#### SUPPLIED RECORDS ####
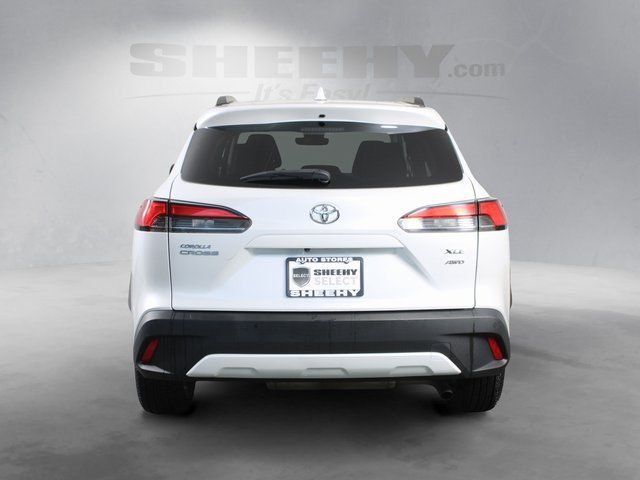 Used 2022 Beige Toyota XLE image 13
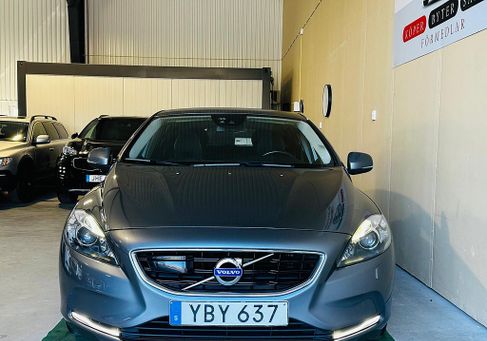 Volvo V40, 2016
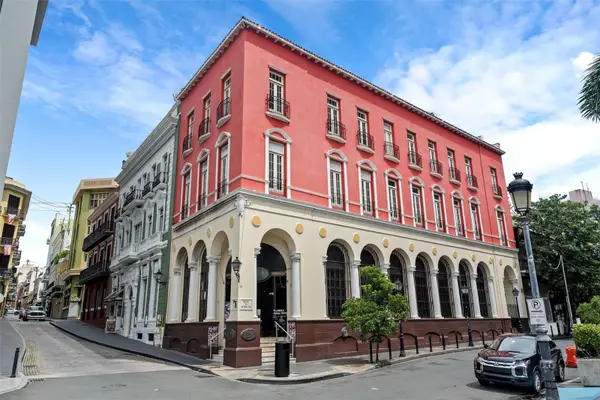 251 Recinto Sur, SAN JUAN, PR 00901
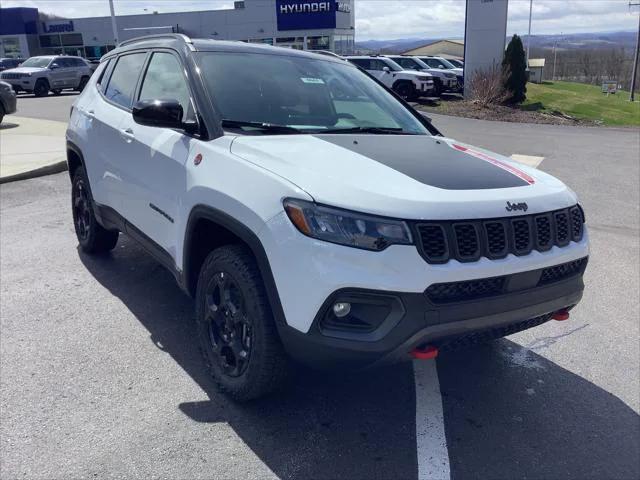 2024 Jeep Compass COMPASS TRAILHAWK 4X4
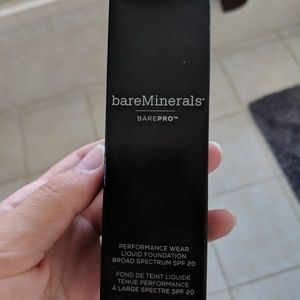 Bare Minerals Foundation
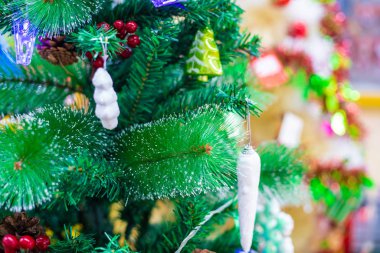 Bulanık bokeh ile noel ağacında güzel dekore nesne 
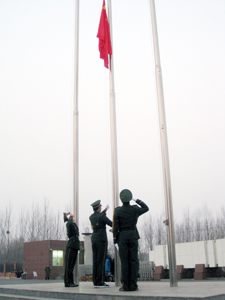 新学期升旗仪式举行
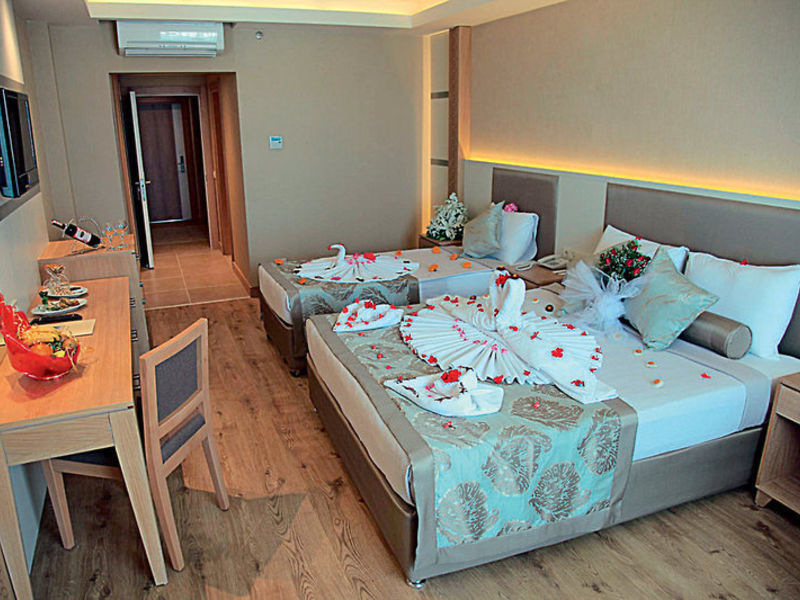 Kahya Resort & Aqua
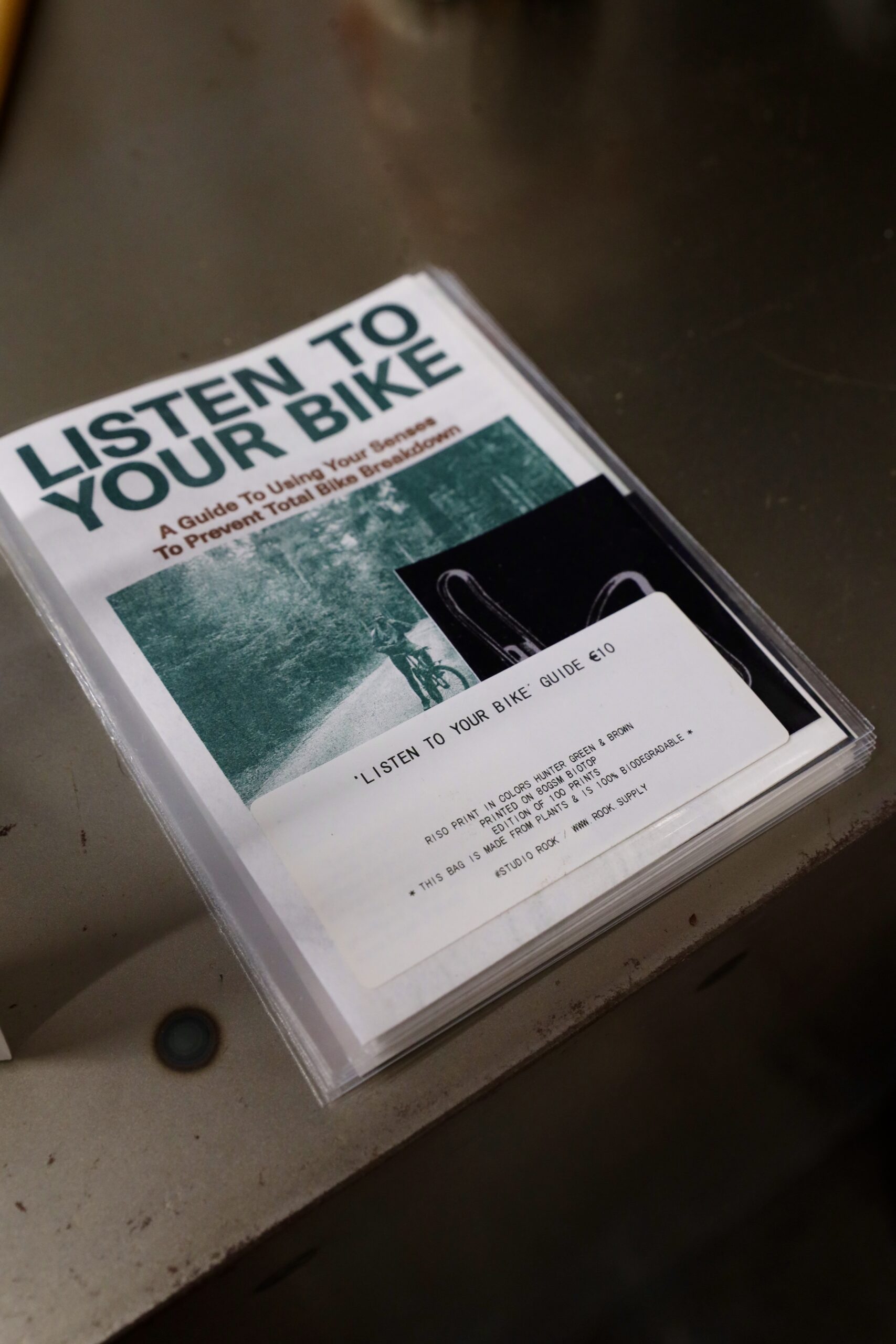 'Listen to your Bike' riso printed guide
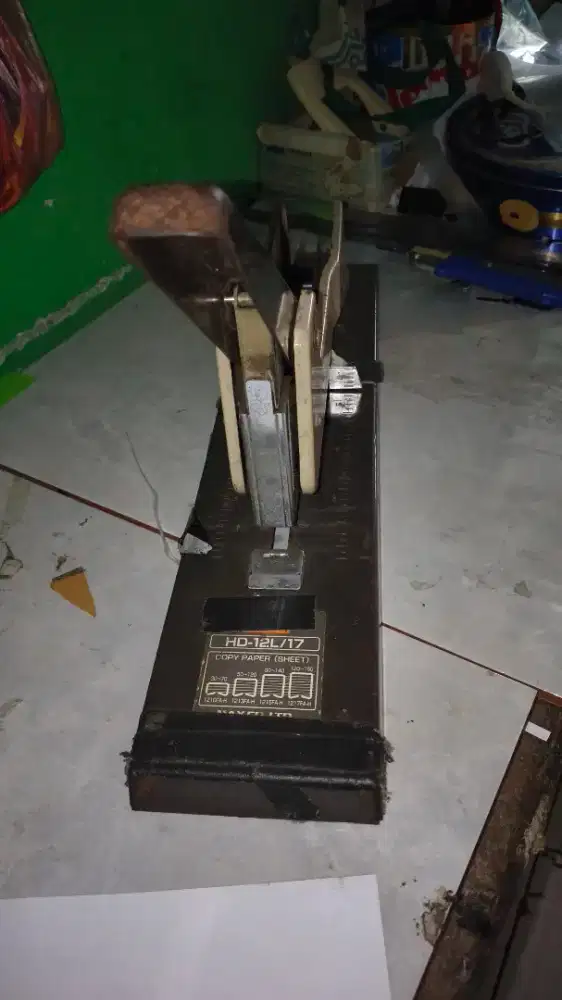 Alat mesin staples ukuran sedang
####
PROBLEM TO SOLVE: Apart from the images, please copy every line of the data exactly as written.

WRITTEN ANSWER:
 Used 2022 Beige Toyota XLE image 13
 Volvo V40, 2016
 251 Recinto Sur, SAN JUAN, PR 00901
 2024 Jeep Compass COMPASS TRAILHAWK 4X4
 Bare Minerals Foundation
 Bulanık bokeh ile noel ağacında güzel dekore nesne 
 新学期升旗仪式举行
 Kahya Resort & Aqua
 'Listen to your Bike' riso printed guide
 Alat mesin staples ukuran sedang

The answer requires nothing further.